For further information or to start the process of requesting accommodations, please contact Student Disability Services at Engineering for Professionals, ep-disability-svcs@jhu.edu.
Student Conduct Code
The fundamental purpose of the JHU regulation of student conduct is to promote and to protect the health, safety, welfare, property, and rights of all members of the University community as well as to promote the orderly operation of the University and to safeguard its property and facilities. As members of the University community, students accept certain responsibilities which support the educational mission and create an environment in which all students are afforded the same opportunity to succeed academically.
For a full description of the code please visit the following website: https://studentaffairs.jhu.edu/policies-guidelines/student-code/
Classroom Climate
JHU is committed to creating a classroom environment that values the diversity of experiences and perspectives that all students bring. Everyone has the right to be treated with dignity and respect. Fostering an inclusive climate is important. Research and experience show that students who interact with peers who are different from themselves learn new things and experience tangible educational outcomes. At no time in this learning process should someone be singled out or treated unequally on the basis of any seen or unseen part of their identity.

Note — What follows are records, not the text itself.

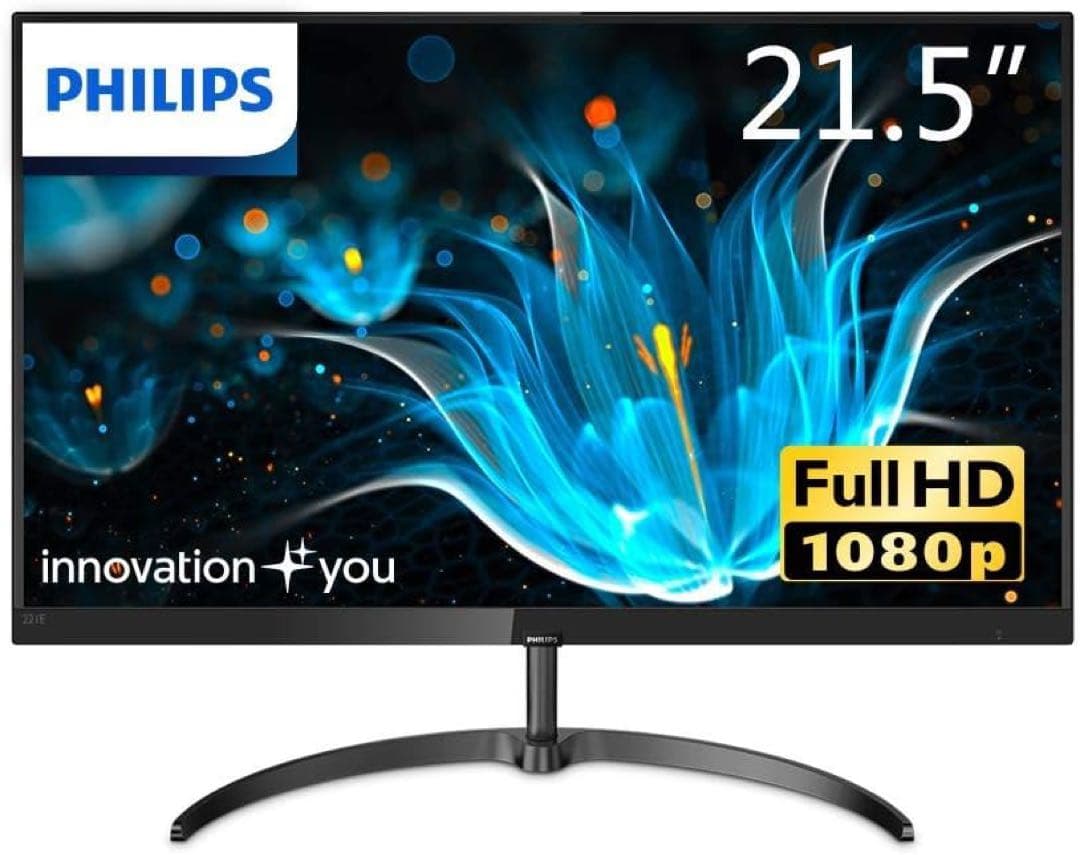 【新品・未開封】PHILIPS FHD 1080p モニター 21.5インチ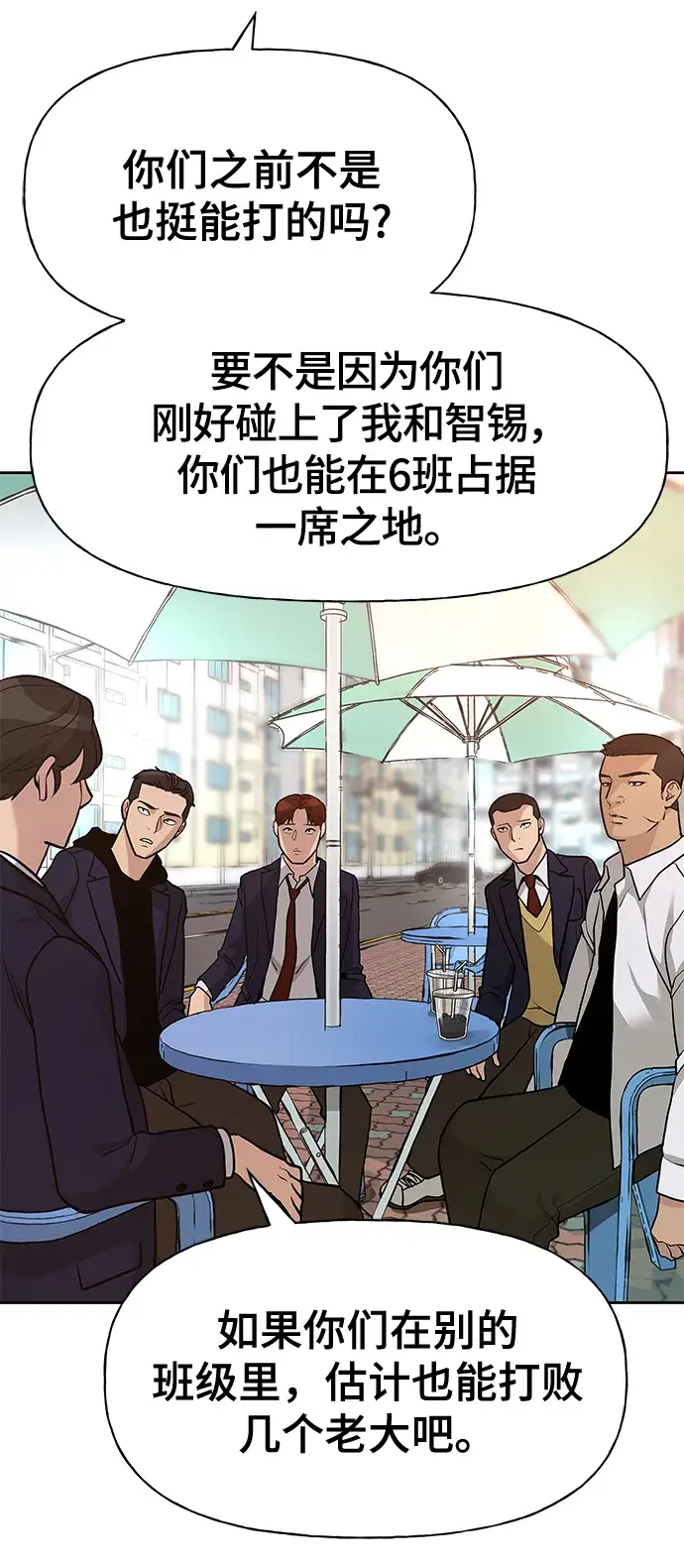 漫画《校霸负责人》第11话第55张图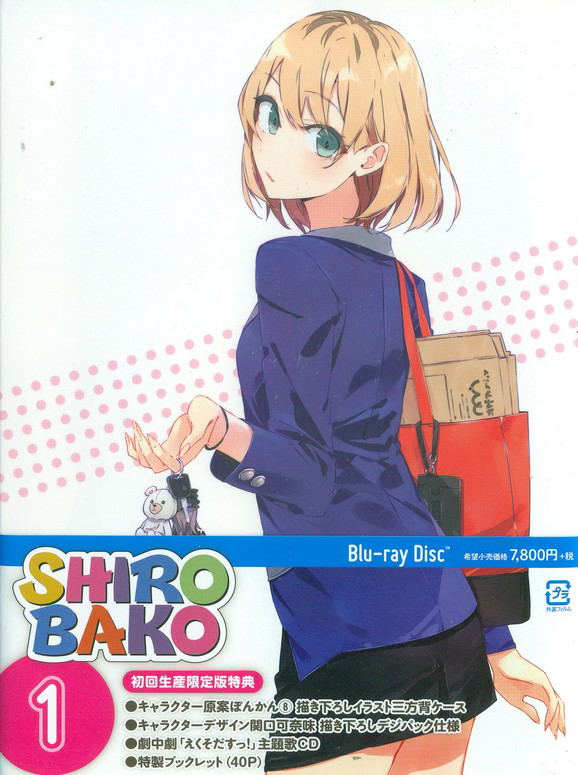 Shirobako Vol.1 [Blu-ray+CD Limited Edition]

If you have concerns in this course about harassment, discrimination, or any unequal treatment, or if you seek accommodations or resources, please reach out to the course instructor directly. Reporting will never impact your course grade. You may also share concerns with your program chair, the Assistant Dean for Diversity and Inclusion, or the Office of Institutional Equity. In handling reports, people will protect your privacy as much as possible, but faculty and staff are required to officially report information for some cases (e.g. sexual harassment).
Course Auditing
When a student enrolls in an EP course with “audit” status, the student must reach an understanding with the instructor as to what is required to earn the “audit.” If the student does not meet those expectations, the instructor must notify the EP Registration Team [EP-Registration@exchange.johnshopkins.edu] in order for the student to be retroactively dropped or withdrawn from the course (depending on when the "audit" was requested and in accordance with EP registration deadlines). All lecture content will remain accessible to auditing students, but access to all other course material is left to the discretion of the instructor.